The receiver isn't too hard to design, a SDR with an high gain pre amp will do, even a decent scanner with a pre amp will give results. Especially on sun noise.
That said, a dedicated design with a proper narrow band front end and low noise cascaded, double balanced mixer, would be needed. I do have a homemade double balanced mixer receiver, and I first thought it faulty when I made it as there was absolutely no noise from it when I switched it on. After some hours checking and rechecking, I decided to connect an aerial to it and see if a signal could force its way through. When my ears recovered from the cacophony of stations, I realized that I had been tricked by the very characteristic of a double balanced mixer, lack of conversion noise as its cancelled out in the miser stage. My receiver has no RF amp stage, so is a bit 'deaf' but works well enough and uses only 3 easy to get integrated circuits, no surface mounted bits and is built on a perfboard, not even a circuit board.
I may design a cascaded RF amp stage, along with an outboard attenuator and filter, and have another go, but with the coming world problems, astronomy, and radio in general, is on the back burner.
The intermediate stage would need some more rejection as two tuned circuits aren't enough and there is some 'double spotting' on strong signals.
I seem to remember that a frequency of around 20 megahertz was optimin, and also for Jupiter around 22 megs was a good place to start. The signals sound like an electrical storm on earth, with frequent crashes and bangs.
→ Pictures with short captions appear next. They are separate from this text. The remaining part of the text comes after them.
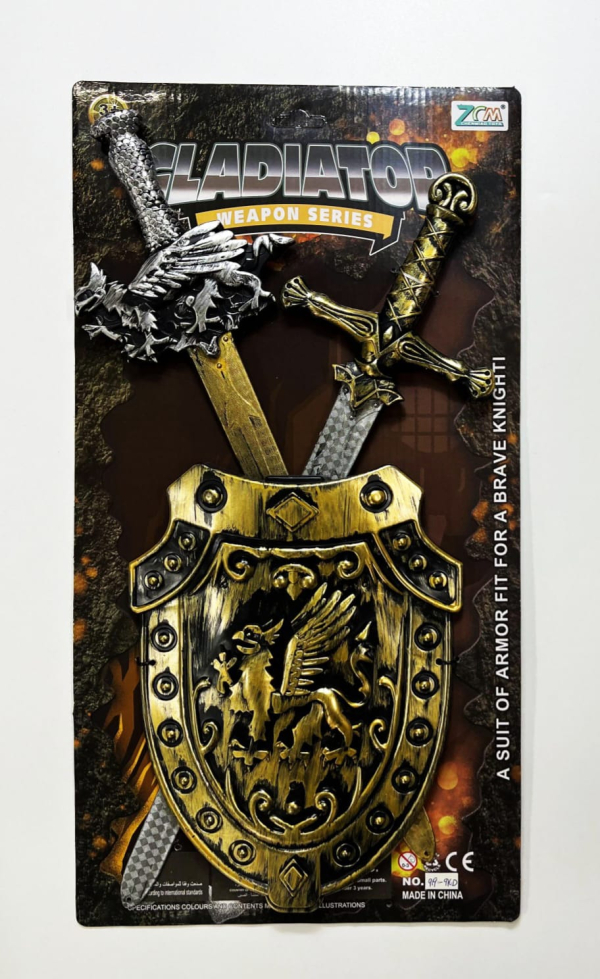 Gladiator Weapon Series Medieval Knight Toy Set with Shield and Swords, Gold and Silver (Ref: 8526635106297)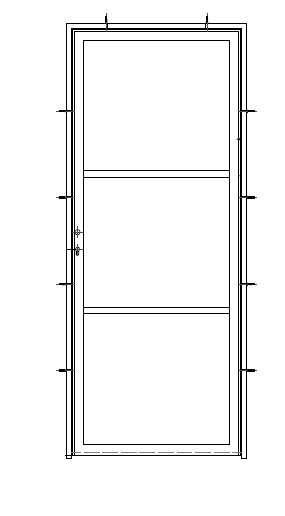 Stalen draaideur 875x2110mm links draaiend, 3-vaks, zwart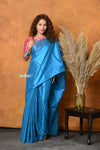 Mastaani ~ Fusion Cotton Tissue Shimmer Saree - Light Blue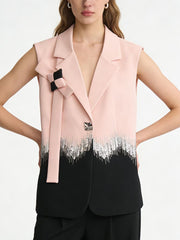 Fashion Sleeveless Sequin Tassels Patchwork Blazer Vest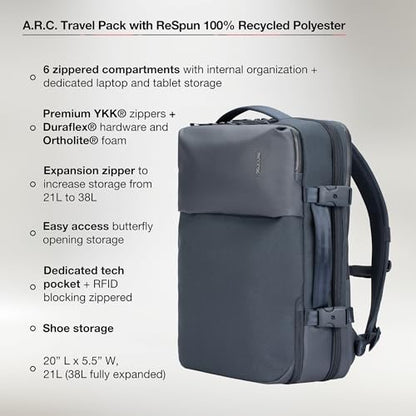 Incase A.R.C. Travel Backpack 38L – Expandable Carry On Luggage, Fits up to 17" Laptop – Butterfly Opening, Quick Access Pocket, Shoe Storage – Airplane Travel Essentials, Weekend Bag – Navy - color: Navy
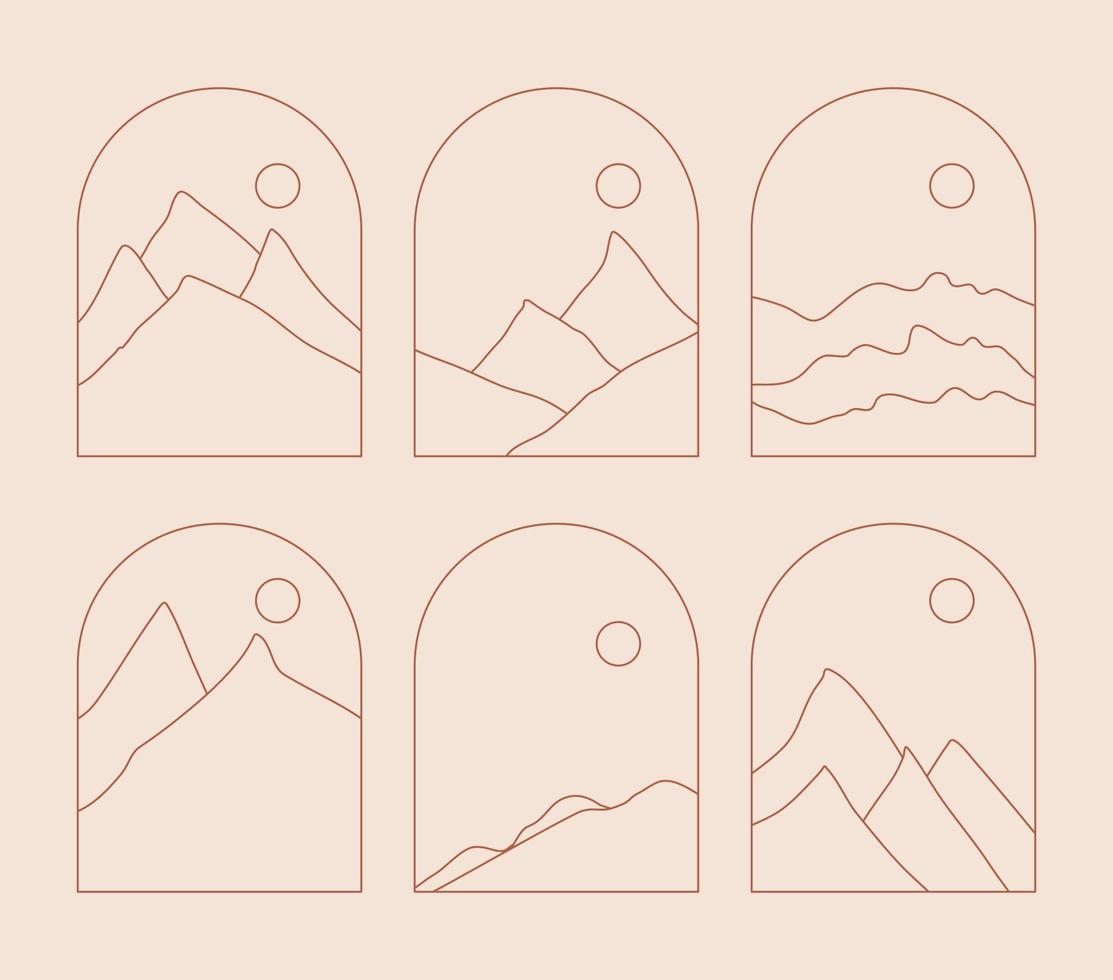 Set of Boho Landscape Logos in Trendy Minimal Liner Style vector
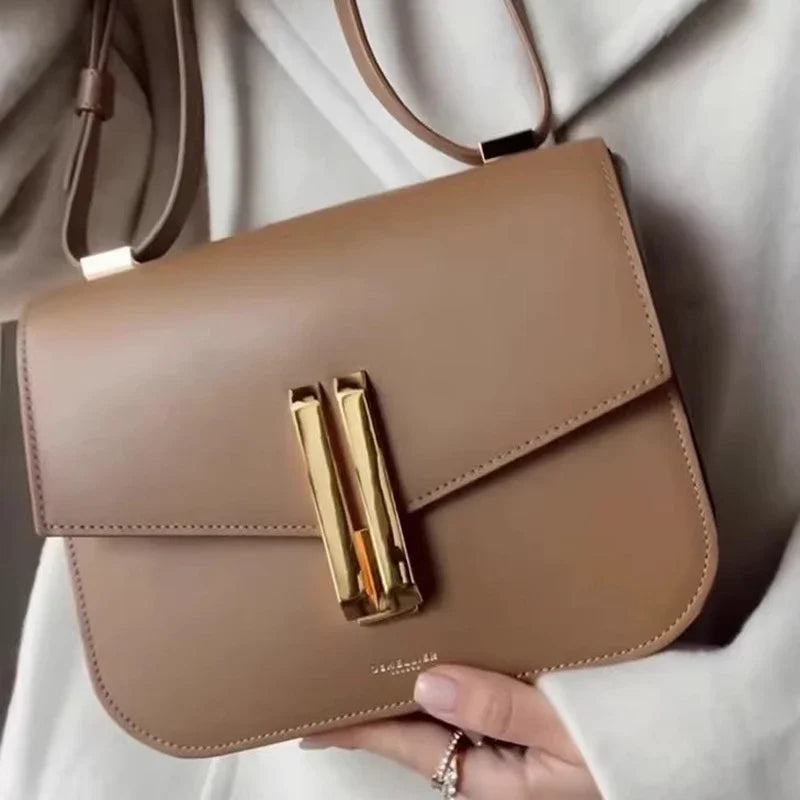 Small structured leather crossbody bag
It is a rather wide band, for space exploration, signal, but much narrower than a normal broadcast station, and more difficulty is added because the signal drifts around quite a bit, so some form of adjustable oscillator, tuned by the signal strength may be needed, its possible a phase locked loop would do it, with the phase being fed back into the oscillator from the biggest noise level.
Then there is the matter of an aerial, 'cause at 20 megs, 1/2 wavelength is 10 meters, so a tuned dipole would be 20 meters long and need to be steerable, unless a fixed aerial was used and the timing of the planets rise above the horizon calculated for the location etc.
Thanks for replying, at least someone is watching !!